From Developing Intelligence: Google in Your Brain? PageRank As a Semantic Memory Model

“The world wide web can be understood as a giant matrix of associations (links) between various nodes (web pages). At an abstract level, this is similar to human memory, consisting of a matrix of associations (learned relationships, or neuronal connections) between various nodes (memories, or the distributed representations constituting them). In the new issue of Psych. Science, Griffiths et al. ask whether Google’s famously accurate and fast PageRank algorithm for internet search might behave similarly to the brain’s algorithm – whatever that might be – for searching human memory.”

From The Phineas Gage Fan Club: Evidence for shallow voters, or mere exposure?

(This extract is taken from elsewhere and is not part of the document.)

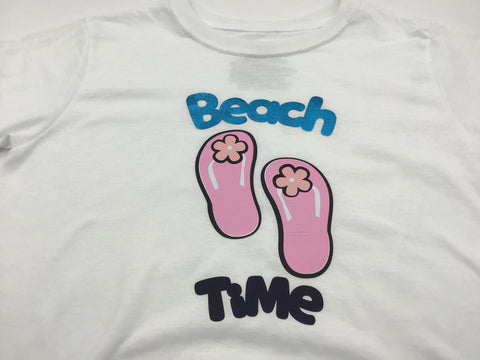 Beach-time-Tshirt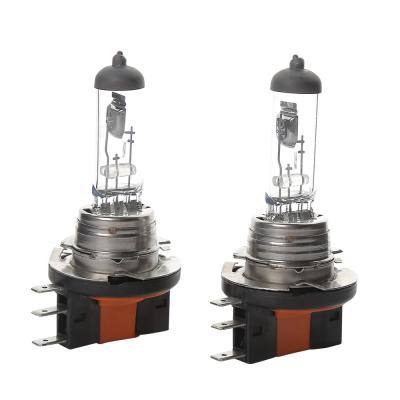 China H15 12v halogen bulb 15/55W car headlight bulbs 15/55W bulbs 15/55W glass halogen tube auto headlight for sale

“In the latest issue of PNAS, Ballew and Todorov (2007) report that election outcomes can be predicted from fast face judgements in participants who know neither of the candidates. In other words, to some extent voting behaviour is influenced by quick judgments of appearance – maybe the guy with the better hair really does win. Although this study is very interesting, there are a few shortcomings that will be discussed at the end of this post.”

From PsyBlog: Why We do Dumb or Irrational Things: 10 Brilliant Social Psychology Studies

“Over the past few months I’ve been describing 10 of the most influential social psychology studies. Each one tells a unique, insightful story relevant to all our lives, every day. But, the question is which one has the most to teach us about human nature? Which one gives us the most piercing insight into how our thoughts and actions are affected by other people? Have a read and then vote: . . .”

From Psychology and Crime News: An ethnographic account of violent careers

“[T]he narratives that young repeat offenders tell indicate that their violent acts ‘are interconnected and integrated into a recognizable developmental process as opposed to being isolated events. This type of developmental process… is not dominated by causal necessity. Rather, violent careers depend on contingent events and consequences of action, which function as direction-setters and social barriers in an individual’s life.'”

From We’re Only Human: Wisdom and Wizardry

“Reading is one of the mental activities that can decline with age, as basic mechanics like word processing and memory slow down. But it doesn’t have to, and Stine-Morrow has shown that sharp elderly readers actually read differently than poor readers. They are much more likely, for example, to create a mental model of a book when they first start reading—getting all the characters straight, the setting clear, and so forth. They also pause more, often mid-sentence, to integrate new information into their understanding of a story.”